How to complete this task:
Word for word, set down the lines from the one that holds "Baby Pink Gold Punjabi choker Birpal set" through the final line of the listing below, and exclude every picture.
------------------------------------------------------------------------
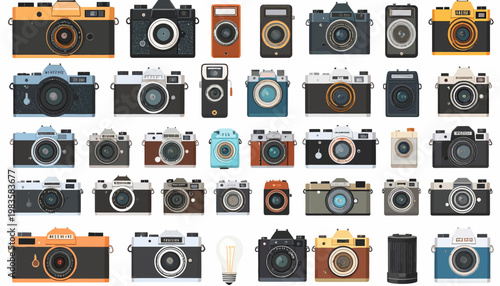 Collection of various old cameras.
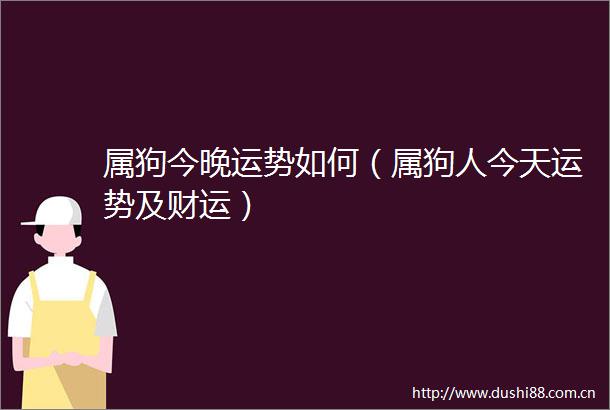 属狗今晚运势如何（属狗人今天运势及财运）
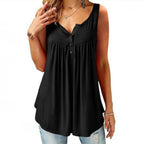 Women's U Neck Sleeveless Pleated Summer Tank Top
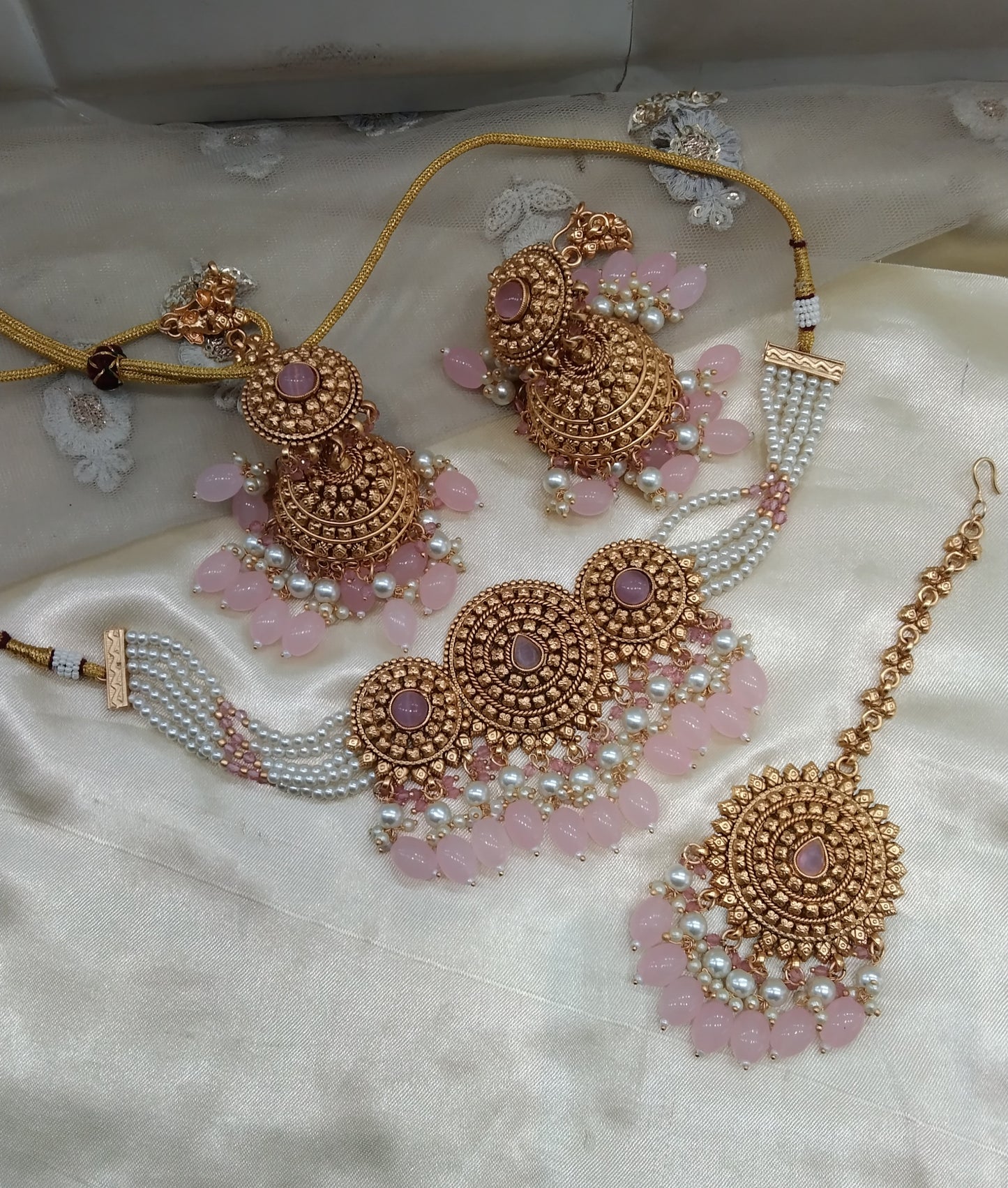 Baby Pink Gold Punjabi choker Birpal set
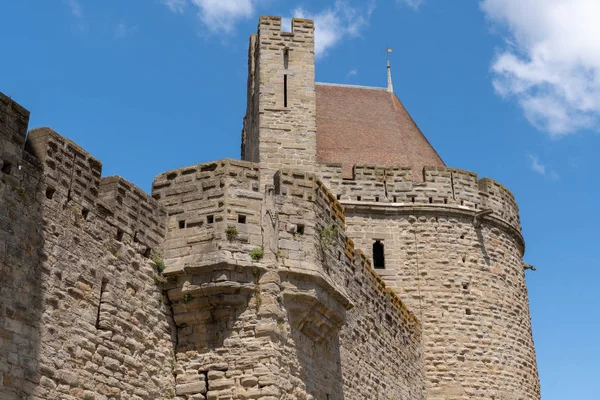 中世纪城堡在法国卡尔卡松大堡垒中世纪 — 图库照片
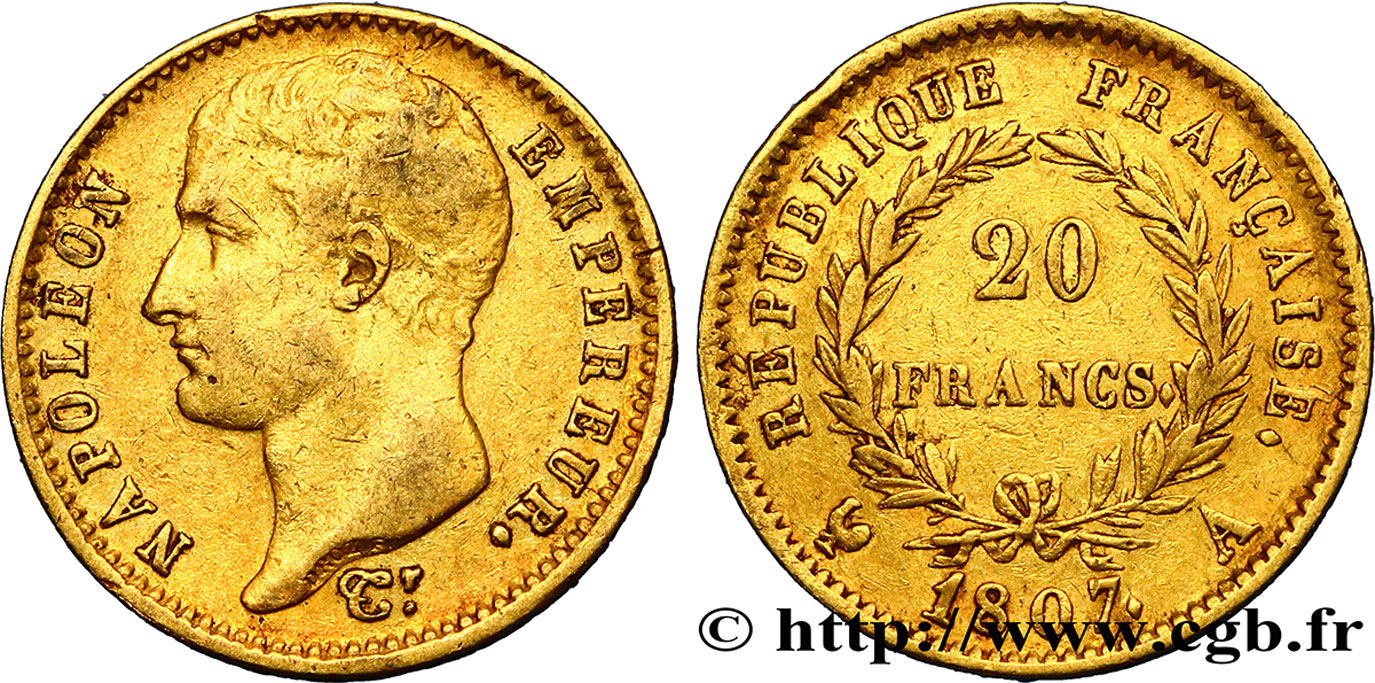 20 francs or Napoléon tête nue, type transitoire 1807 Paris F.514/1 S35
------------------------------------------------------------------------
Output for this exercise:
 Baby Pink Gold Punjabi choker Birpal set
 中世纪城堡在法国卡尔卡松大堡垒中世纪 — 图库照片
 20 francs or Napoléon tête nue, type transitoire 1807 Paris F.514/1 S35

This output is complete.